Would you copy the listing below exactly, keeping the pictures out?

▶ [Supplied data]
▶
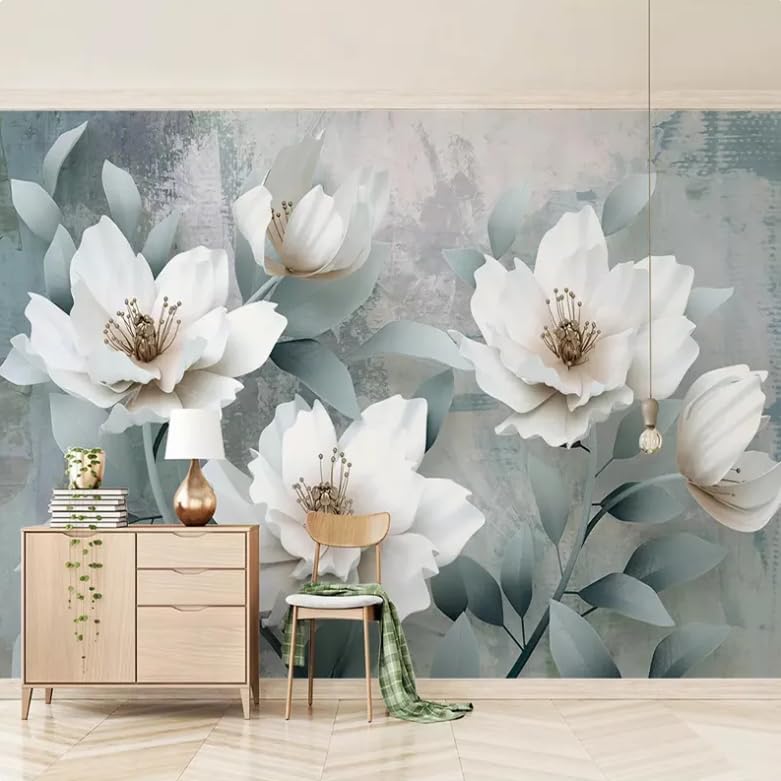 Papier peint fleurs roses américaines 3D pour salon et chambre 300x210 cm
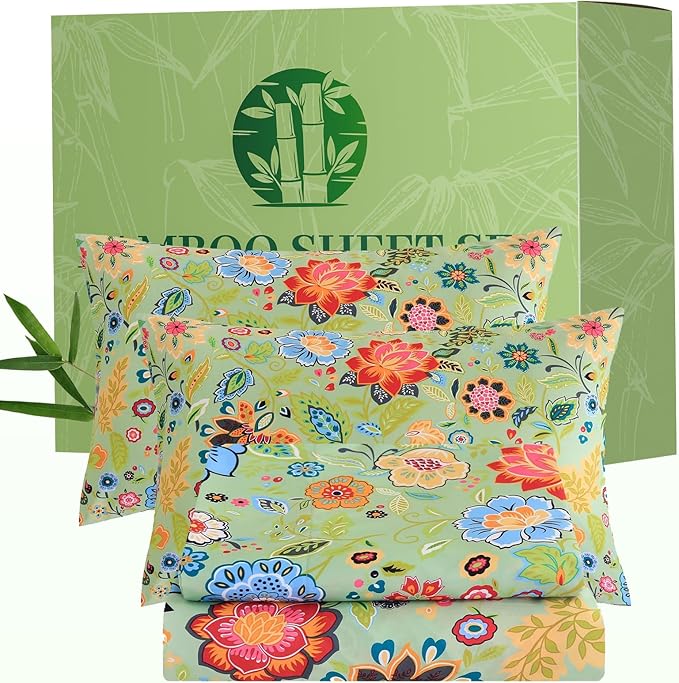 Bedlifes Extra Deep Pocket 18-24" King 4-Piece Sheet Set - Cooling Sheets Blend Rayon Derived from Bamboo Soft & Breathable Floral Sage Green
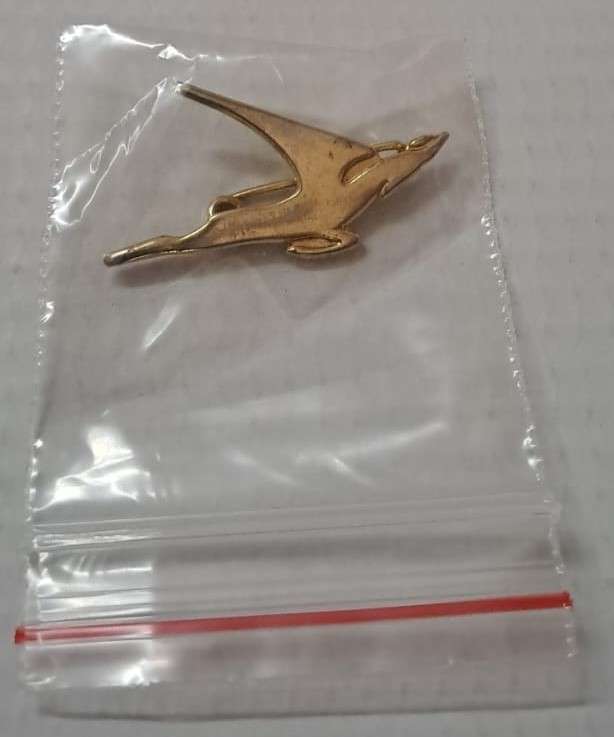 South African Pins - SAA Pin - Fling Springbok. (metal/gold color)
◀
▶ [Completed exercise]
 Papier peint fleurs roses américaines 3D pour salon et chambre 300x210 cm
 Bedlifes Extra Deep Pocket 18-24" King 4-Piece Sheet Set - Cooling Sheets Blend Rayon Derived from Bamboo Soft & Breathable Floral Sage Green
 South African Pins - SAA Pin - Fling Springbok. (metal/gold color)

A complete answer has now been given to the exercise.